Soit 15 % de moins que dans un sondage similaire réalisé il y a quatre ans, ce qui « montre bien le basculement en cours dans l’opinion des jeunes », selon le Gis « avenir élevage ».

L’enquête a permis de dresser quatre profils de lycéens.

(©Gis « avenir élevage »)

« Les insatisfaits regroupent une majorité de filles. Ils se sentent très concernés par le bien-être animal, ont une mauvais image de l’élevage et prônent son abandon, explique le groupe de travail « enseigner l’élevage ». Les omnivores insatisfaits déplorent l’impact négatif de l’élevage, surtout sur l’environnement. Ils souhaitent malgré tout son maintien à condition d’améliorer les pratiques. Les satisfaits sont conscients de tous les services rendus par l’élevage. »

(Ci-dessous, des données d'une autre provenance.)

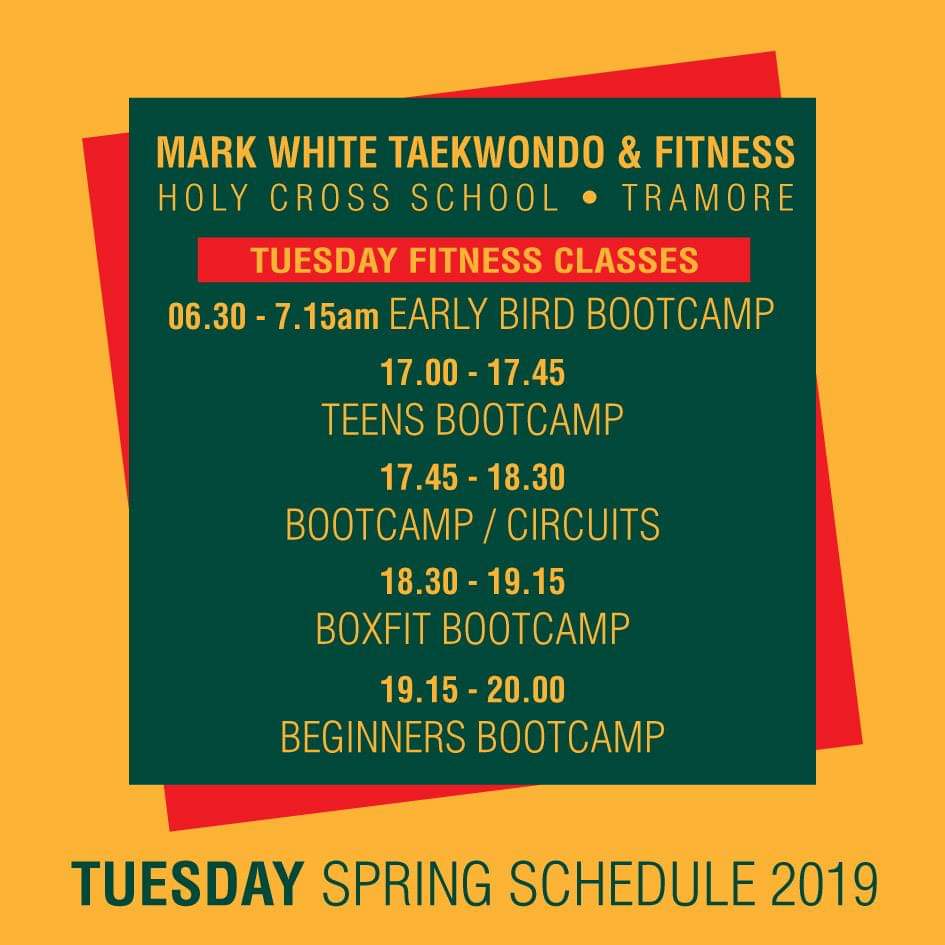 MarkWhitePT's tweet photo. Monday done! Thanks for the support everyone. Check out Tuesdays schedule below, join any of the class then come along and join us. https://t.co/MlhW9q21DP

Ainsi, ces différentes études confirment l’intérêt de faire évoluer l’enseignement de l’élevage dans les filières générales, tant elles ont mis en exergue d’importantes lacunes au niveau des programmes et des manuels, influençant logiquement la perception des productions animales chez les professeurs et les élèves. Rien n’est perdu pour autant : plusieurs enseignants et lycéens semblent plutôt favorables à une approche plus réaliste et impartiale.